Records from a data collection:
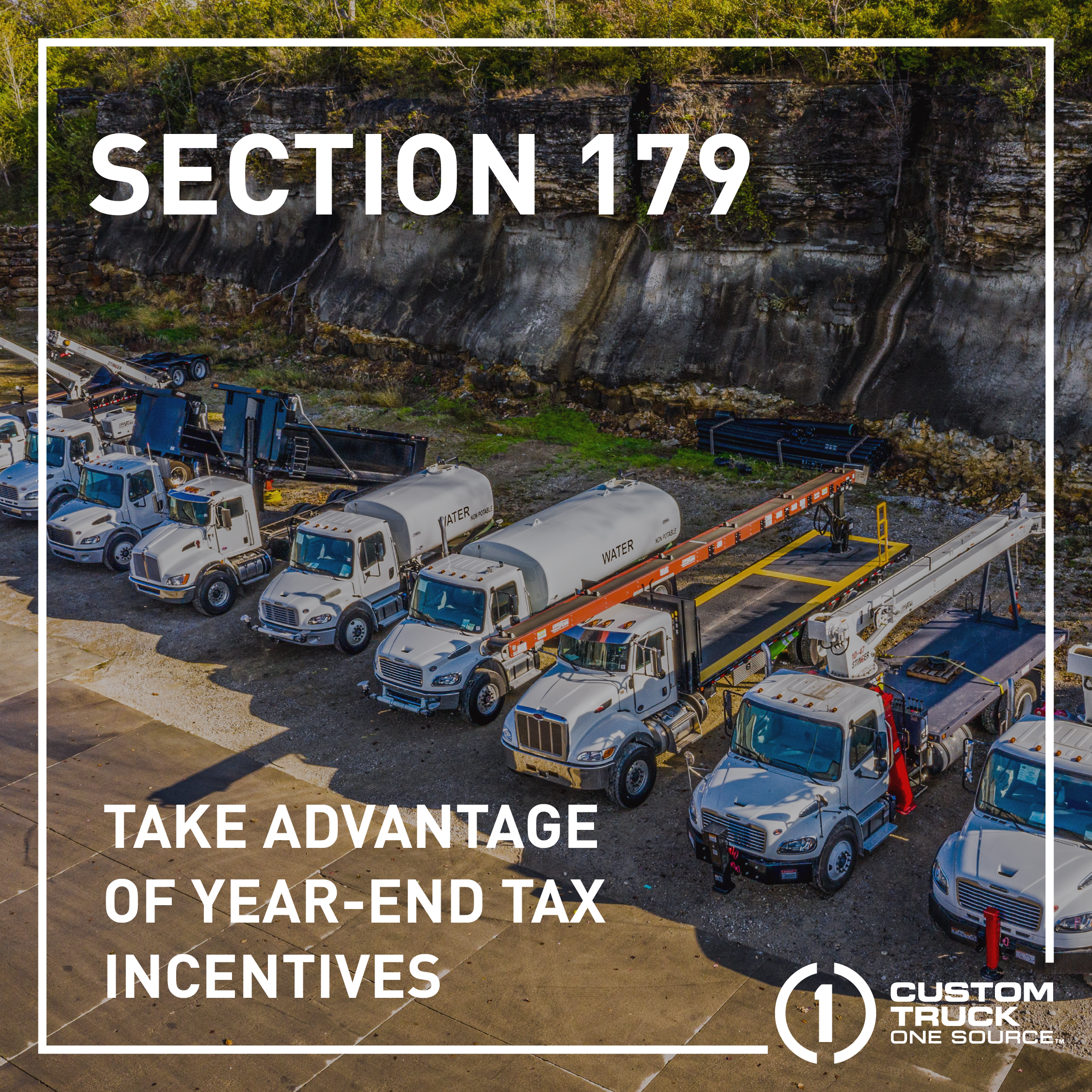 How Accelerated Depreciation Under Section 179 Benefits Your Business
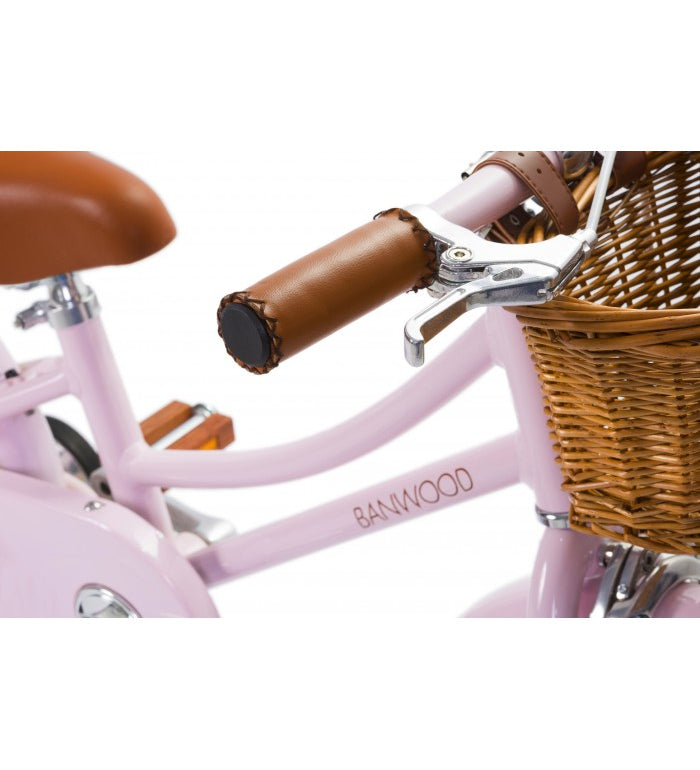 Kolo BANWOOD Classic Pink 16" | Lavly.cz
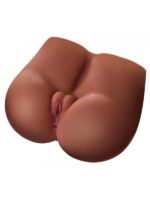 Fuck My Silly Bubble Butt - 15Kg Nero - immagine 4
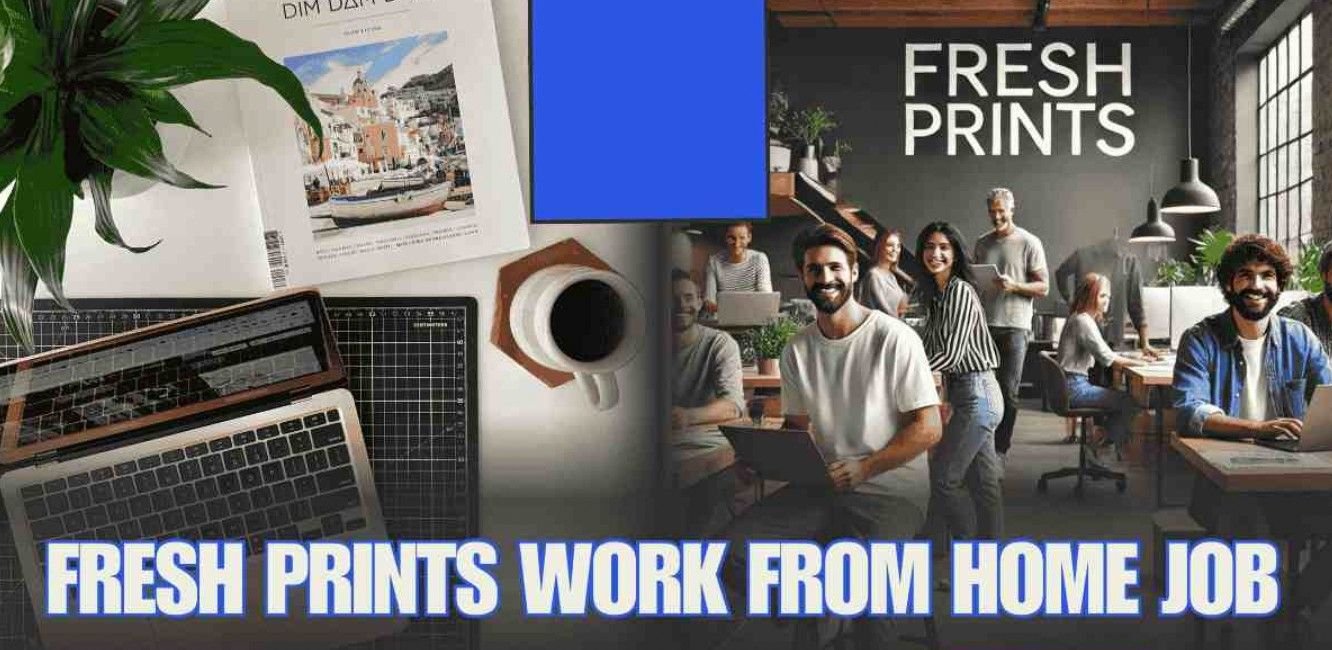 Freshprints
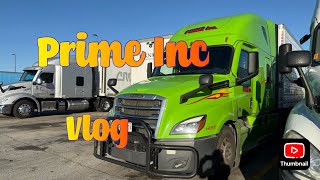 Breaking News‼️ Prime Inc Offers CDL and Truck Technician Training‼️Loads and Pay  Piss amp Ish‼️ [upl. by Eaver]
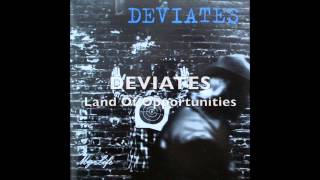 DEVIATES My Life FULL ALBUM [upl. by Nnaacissej]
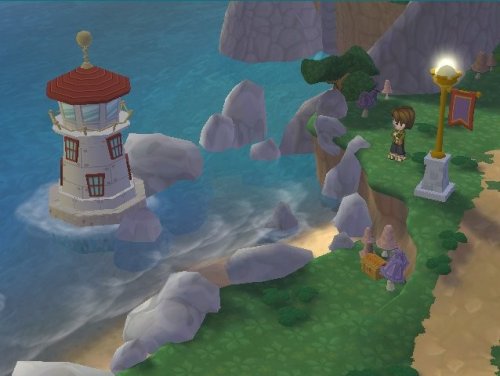 MySims Kingdom Nintendo Wii - Like New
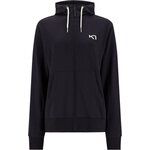 Karitraa Kari Hoodie - Naisten huppari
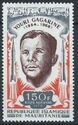 Yuri Gagarin (1934-1968)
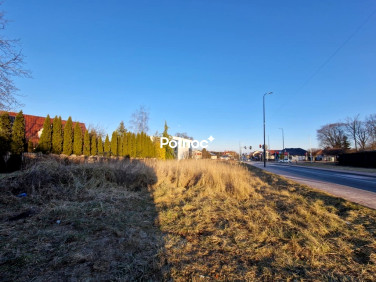 Działka budowlana Świdnik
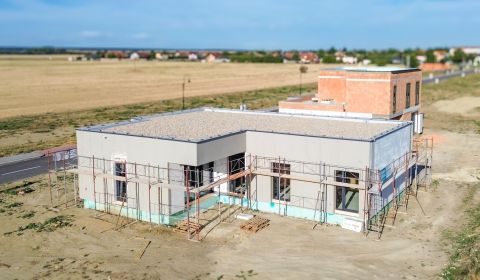 Kaufen Einfamilienhaus, Einfamilienhaus, Jadranská, Senec, Slowakei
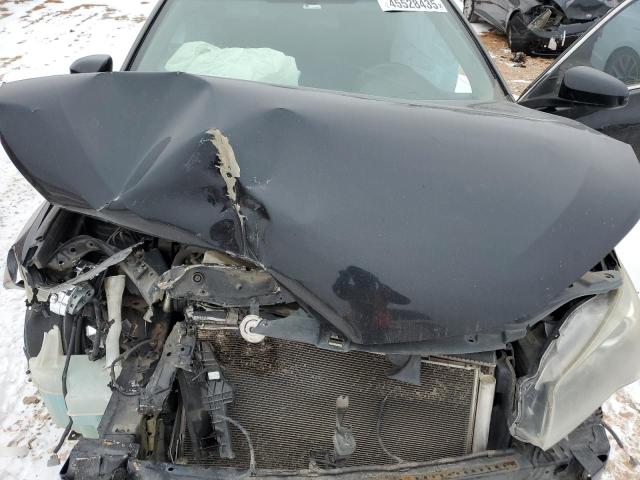 Photo 11 from auction – 2017 TOYOTA CAMRY LE with VIN 4T1BF1FK8HU378170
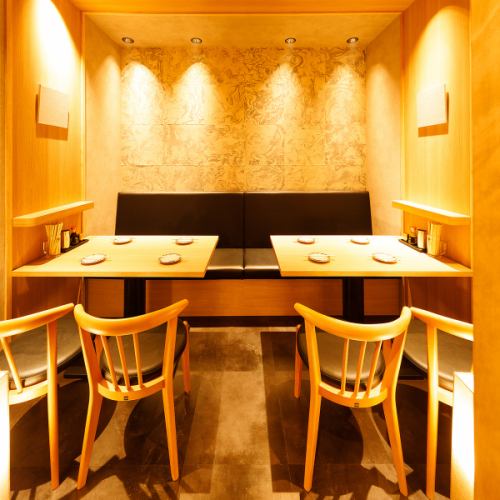 <p>We can also accommodate large banquets, so you can enjoy your time at your leisure.Reservations made online are also welcome! If you have any seating requests, please feel free to contact us by phone.[Ikebukuro Izakaya welcome/farewell party]</p>
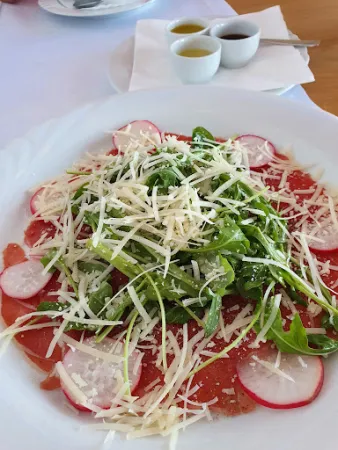Bild von Restaurant Café Blöser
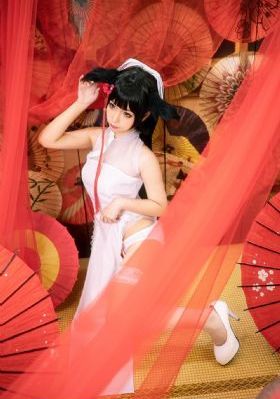 我和我朋友的妈妈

__Task description__: Skip the pictures and retype exactly the lines from the one that contains "Photo 11 from" to the last line of the records.

__Reply__:
 Photo 11 from auction – 2017 TOYOTA CAMRY LE with VIN 4T1BF1FK8HU378170
 <p>We can also accommodate large banquets, so you can enjoy your time at your leisure.Reservations made online are also welcome! If you have any seating requests, please feel free to contact us by phone.[Ikebukuro Izakaya welcome/farewell party]</p>
Bild von Restaurant Café Blöser
 我和我朋友的妈妈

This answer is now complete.